Clone this repository.

git clone https://github.com/TaoHuang13/diffusion_reward.git
cd diffusion_reward

Create a virtual environment.

conda env create -f conda_env.yml 
conda activate diffusion_reward
pip install -e .

Install extra dependencies.

pip3 install torch==1.12.1+cu116 torchvision==0.13.1+cu116 --extra-index-url https://download.pytorch.org/whl/cu116
cd env_dependencies
pip install -e mj_envs/.
pip install -e mjrl/.
cd ..

💻 Reproducing Experimental Results

Download Video Demonstrations


You can download the datasets and place them to /video_dataset to reproduce the results in this paper.

Pretrain Reward Models

Train VQGAN encoder.

bash scripts/run/codec_model/vqgan_${domain}.sh    # [adroit, metaworld]

Train video models.

bash scripts/run/video_model/${video_model}_${domain}.sh    # [vqdiffusion, videogpt]_[adroit, metaworld]

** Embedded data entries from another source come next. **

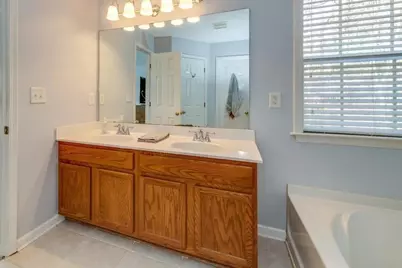 3759 Chattahoochee Summit Drive SE #3, Atlanta, GA 30339 - Photo 19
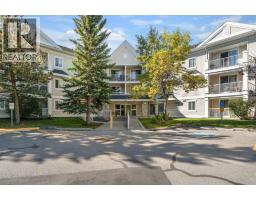 1308, 11 Chaparral Ridge Drive Chaparral, Calgary, Ca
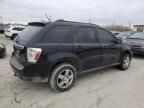 2009 Chevrolet Equinox LT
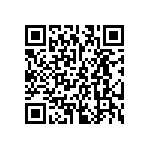 CY7C1361C-133AXI QRCode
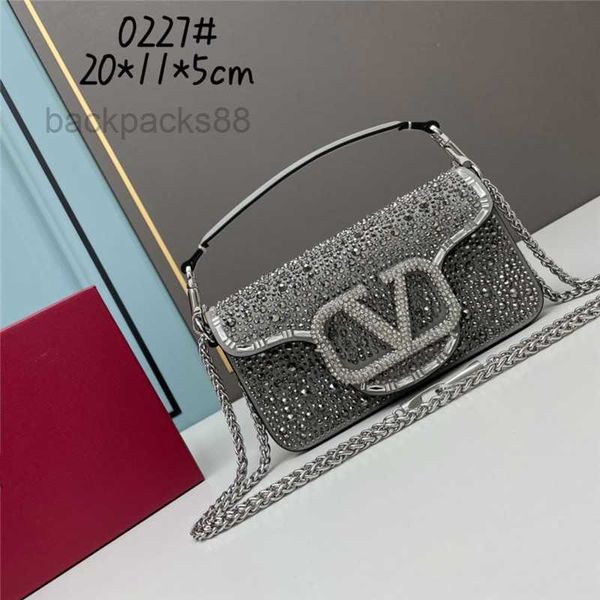 handbags beach women diamond bags mini designer bag crystal luxurys crossbody buckle light luxury trendy handbag fxn4
handbags beach women diamond bags mini designer bag crystal luxurys crossbody buckle light luxury trendy handbag fxn4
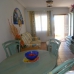 Torrevieja property:  Apartment in Alicante 261197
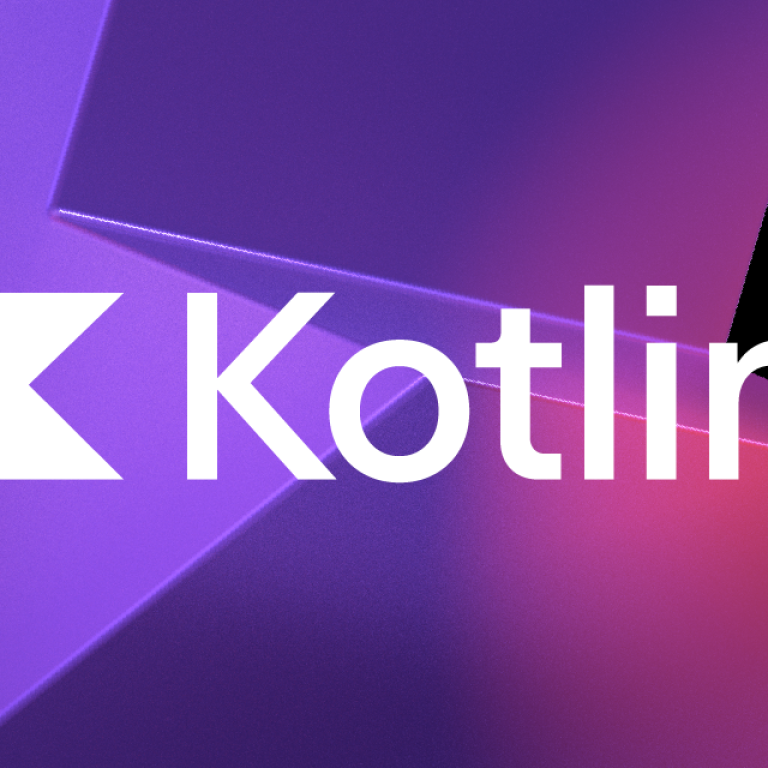 7e79bf80-7aa6-11eb-9cbd-d7bda7eaf1aa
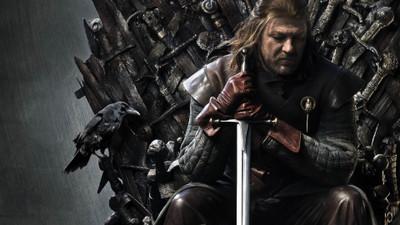 Aabhaas Wall Poster-House-Stark-Game-of-Thrones-Ned-Stark-Sean-Bean-Iron-Throne Paper Print(12 inch X 18 inch, Rolled)
Aabhaas Wall Poster-House-Stark-Game-of-Thrones-Ned-Stark-Sean-Bean-Iron-Throne Paper Print(12 inch X 18 inch, Rolled)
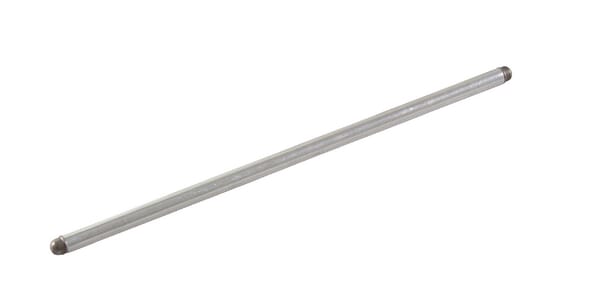 Rod-Push Aluminium til indsugning - 692003 - Briggs & Stratton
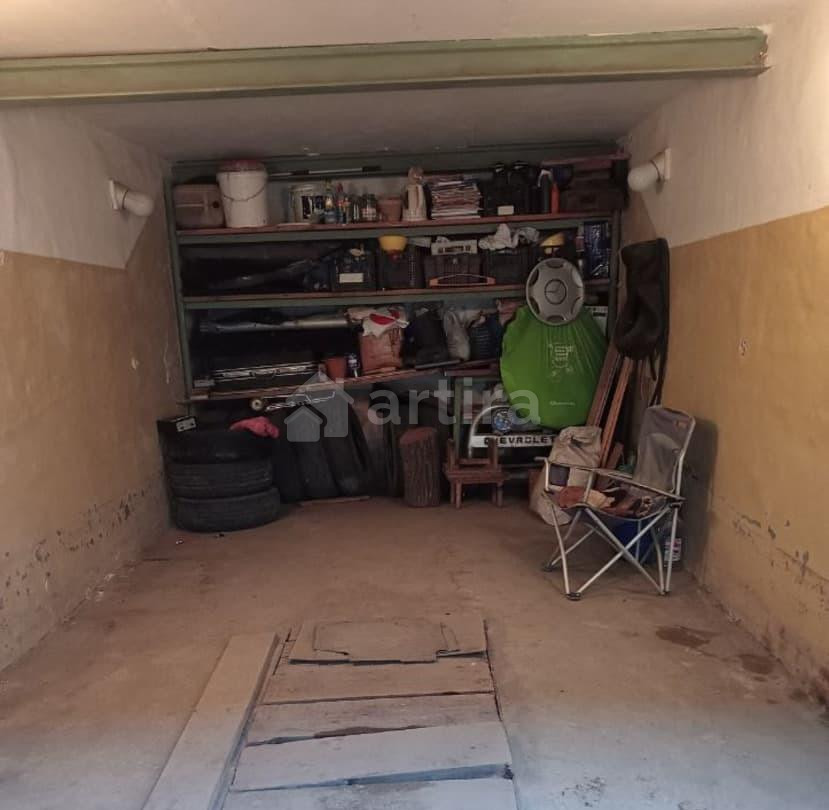 Гараж, 18 м2 Саратов - изображение 5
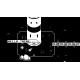 Minit PC Steam CD Key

(Optinal) Download Pre-trained Models

We also provide the pre-trained reward models (including Diffusion Reward and VIPER) used in this paper for result reproduction. You may download the models with configuration files here, and place the folders in /exp_local.

Train RL with Pre-trained Rewards

Train DrQv2 with different rewards.

bash scripts/run/rl/drqv2_${domain}_${reward}.sh ${task}    # [adroit, metaworld]_[diffusion_reward, viper, viper_std, amp, rnd, raw_sparse_reward]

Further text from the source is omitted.